Raw data:
• • • •

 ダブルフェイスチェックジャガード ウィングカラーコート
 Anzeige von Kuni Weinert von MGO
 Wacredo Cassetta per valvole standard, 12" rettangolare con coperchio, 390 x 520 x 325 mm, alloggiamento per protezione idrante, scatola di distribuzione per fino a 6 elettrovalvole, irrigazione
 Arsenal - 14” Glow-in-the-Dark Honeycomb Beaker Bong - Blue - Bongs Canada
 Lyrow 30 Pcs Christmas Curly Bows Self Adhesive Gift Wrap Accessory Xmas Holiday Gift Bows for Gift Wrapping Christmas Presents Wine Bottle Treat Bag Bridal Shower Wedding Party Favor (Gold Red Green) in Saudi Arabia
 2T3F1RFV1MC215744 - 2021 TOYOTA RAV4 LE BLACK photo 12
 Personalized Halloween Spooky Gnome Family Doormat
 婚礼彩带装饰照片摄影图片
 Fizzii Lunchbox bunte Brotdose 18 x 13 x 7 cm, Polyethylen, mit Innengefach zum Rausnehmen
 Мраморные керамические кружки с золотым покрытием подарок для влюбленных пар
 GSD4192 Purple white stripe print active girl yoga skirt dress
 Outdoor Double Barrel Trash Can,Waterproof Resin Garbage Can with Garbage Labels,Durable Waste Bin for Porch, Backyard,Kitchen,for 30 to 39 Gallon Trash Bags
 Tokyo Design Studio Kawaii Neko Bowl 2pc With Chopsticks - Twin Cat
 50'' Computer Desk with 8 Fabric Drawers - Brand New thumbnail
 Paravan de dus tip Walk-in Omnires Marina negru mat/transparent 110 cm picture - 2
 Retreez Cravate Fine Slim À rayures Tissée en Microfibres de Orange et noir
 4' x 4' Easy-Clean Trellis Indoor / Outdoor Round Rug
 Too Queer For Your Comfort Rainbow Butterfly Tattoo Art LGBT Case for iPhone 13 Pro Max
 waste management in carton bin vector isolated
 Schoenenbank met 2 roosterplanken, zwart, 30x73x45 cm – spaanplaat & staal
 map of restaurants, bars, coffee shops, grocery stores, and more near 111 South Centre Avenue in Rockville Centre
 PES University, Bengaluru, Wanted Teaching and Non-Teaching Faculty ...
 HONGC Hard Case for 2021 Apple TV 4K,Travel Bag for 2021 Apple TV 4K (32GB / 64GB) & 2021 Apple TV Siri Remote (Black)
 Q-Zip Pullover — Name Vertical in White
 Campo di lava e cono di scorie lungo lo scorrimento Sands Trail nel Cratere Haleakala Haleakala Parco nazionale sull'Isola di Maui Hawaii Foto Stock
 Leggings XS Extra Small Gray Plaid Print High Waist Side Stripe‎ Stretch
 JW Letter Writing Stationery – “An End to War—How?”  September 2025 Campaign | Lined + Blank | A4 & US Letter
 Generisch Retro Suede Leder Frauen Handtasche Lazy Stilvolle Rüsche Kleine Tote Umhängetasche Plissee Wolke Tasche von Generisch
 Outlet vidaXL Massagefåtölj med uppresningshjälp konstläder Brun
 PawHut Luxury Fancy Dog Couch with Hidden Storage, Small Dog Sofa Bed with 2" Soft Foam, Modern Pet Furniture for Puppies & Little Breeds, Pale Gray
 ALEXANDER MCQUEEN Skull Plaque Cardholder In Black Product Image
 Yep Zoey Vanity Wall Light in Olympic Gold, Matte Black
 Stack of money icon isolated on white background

• • • •

What is required:
Give back exactly the lines above starting at the line where "Schoenenbank met 2" appears and ending at the line where "HONGC Hard Case" appears, both included, with no other lines.

Written response:
 Schoenenbank met 2 roosterplanken, zwart, 30x73x45 cm – spaanplaat & staal
 map of restaurants, bars, coffee shops, grocery stores, and more near 111 South Centre Avenue in Rockville Centre
 PES University, Bengaluru, Wanted Teaching and Non-Teaching Faculty ...
 HONGC Hard Case for 2021 Apple TV 4K,Travel Bag for 2021 Apple TV 4K (32GB / 64GB) & 2021 Apple TV Siri Remote (Black)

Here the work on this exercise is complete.